Jose Maria Rivarola Matto (1917–1998) was a writer born in Asunción, Paraguay, 18 December 1917, son of Octaviano Rivarola Bogarín and Victoriana Matto. Dramatist, narrator, essayist and journalist, he was an occasional collaborator of diverse Paraguayan magazines and journals.

== Childhood and youth ==

He spent his childhood at the San José High School of Asunción during the time of lessons, and spent in his parents' country houses and manufactures located in Rosario, San Pedro Department, during the holidays.

The house of the Rivarola Matto family was located at the Wilson Street (Eligio Ayala Street nowadays) near Antequera, in front of the San Roque's Church square. He used to go there when he sneaked out from the barracks so he could sleep comfortably and then subtly get in again at the morning. Because of that prank he was sent at his 16 years old to the Chaco during the war against Bolivia as a private.

He survived the war after a year of dysentery and malaria, curing himself chewing leaves of cocaine introduced by the Bolivian prisoners. But his survival was not just to his courage, fortitude or luck, but to his writing skills. His comrades tried not expose too much of this guy that wrote passionate love letters for them to their girlfriends.

He studied law and obtained the title of lawyer, but never exercised that profession.

He was exiled to the Argentina during the civil war between 1946 and 1947. In Posadas he acquired a ship that he used to carry packages up the river to the now inexistent Salto del Guairá, and traveled back in boats to Rosario. Being in Posadas, in 1950, he writes "Follaje en los ojos", a novel about the confined of Alto Paraná. This novel was published in 1952 at Buenos Aires, Argentina.

He returned to Asunción in 1950, during the dictatorship, and was arrested countless times for freely exposing his ideas in every journal that wanted to publish them. He was also distributor of the Argentine journal Clarín in Asunción, a journal providing objective information about the local political situation.

== Career ==

An outstanding figure of our literature, also was notable in philosophy. He was dramatist, narrator, essayist and journalist.

He began as a playwright in 1952 with the play "El Sectario" about the aberration of the faith in the human spirit. Follows that one three highly awarded plays: "El fin de Chipí González", "La Cabra y la Flor" and "Encrucijada del Espíritu Santo". The first one is about the problem of the freedom, the second one is about the beauty and the justice, and the third one is about the drama if the Jesuit utopia.

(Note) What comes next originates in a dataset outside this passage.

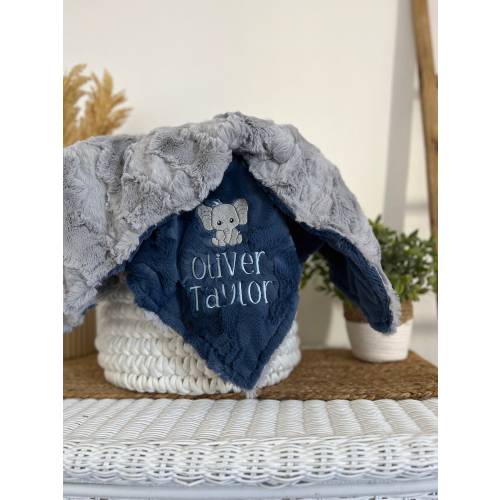 Personalized Baby Blanket, Embroidered Elephant Blanket, Silver Glacier Newborn Boy gift, Baby Shower Gift, Cute Blanket, Safari Blanket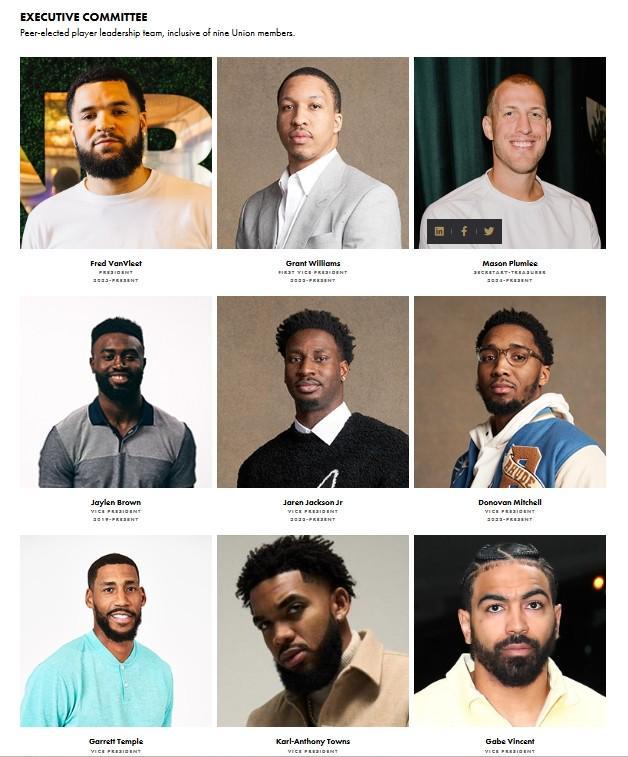 新一届NBA球员工会执委会成员：范弗利特领衔，布朗&唐斯在列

In 1930 there was published a compilation of articles published in journals entitled "Belle Epoque and other works" with a strong humorist accent. He also wrote other short stories in 1958 such as "Degradation", that received a mention in the 5th Short Stories Contest of the "La Tribuna" journal in spite that it was not in accord with the contest rules. As a story it was too long, as a novel it was too short, and the subject was very strong for that time.

In his "History of the Paraguayan Literature", Hugo Rodríguez-Alcalá writes about the dramatic work of this author: "Rivarola Matto knows how to create the characters and the ambient, and combines skillfully the serious and the hilarious. He's maybe the only outstanding Paraguayan writer with a fine sense of humor. His art is more effective in the presentation of the dramatic conflicts than on its conclusion".

== Work ==

In narrative is author of a novel, "Follaje en los ojos", from 1952, in which he shows the anguished life in the herbal manufactures of the Alto Paraná Department. Also has a collection of stories entitled "Mi pariente el cocotero", from 1974.

In his play production the most outstanding are: "El fin de Chipí González", comedy first performed in 1956, published in 1965 and adapted for radio-theater in Montevideo, distributed in discs for all América; "La Cabra y la Flor", awarded in 1965 in the Theater Contest of Radio Cáritas; "La encrucijada del Espíritu Santo" in 1972, awarded again for the Radio Cáritas. He also published in 1983 an anthology that joins three of his plays: "El fin de Chipí González", "La Cabra y la Flor" and "Su Señoría Tiene Miedo", that makes a strong critic to the Judicial State and only could be represented many years after the fall of the dictatorship of the General Alfredo Stroessner.

He published essays such as: "Hipótesis física del tiempo" (1987), "Reflexión sobre la violencia" (1987), "La no existencia física del tiempo" (1994) and an interesting and imaginative series of reflections given to know in the book "Belle Epoque and other works".

In his theatrical work exist a fundamental precedent in the Paraguayan contemporary theater: Encrucijada del Espíritu Santo (The Crossroads of the Holy Spirit), edited in 1972. It is the first dramatic close-up to the Jesuit missions. The main character is José, a young priest that appears old at the end of the story, expressing the continuous turns of the argument.

The author stated that it was a great synthesis deployed in the 17th and 18th Century in the Jesuit missions, although he did not gave more details about the time lapse. The narrative is lineal, starting from the evangelization of the natives to the banishment of the order in 1767, and the main consequence of that: the voluntary return of the natives to the wild because of the greed of the Paulists or Bandeirantes and the abandon of the Spanish colonial government.

This work is actually a flashback. Starts with a bard describing the resumed story, finishing with "Here is the answer", demonstrating that the play tries to answer questions that came from the possible historical interest of the viewer. Another aspect of the play is that concedes a notable human character to the priests, accentuated for the fall of José motivated by the love and sexual attraction to the native that he baptized as María, and to fight spiritual power with political power.

He married with María Emilia Mernes Recalde, and had 6 kids with her. Miguel Angel, José, Raúl, Oscar, Manuel and Carmen Lidia.

He died in Asunción, Paraguay on 13 September 1998.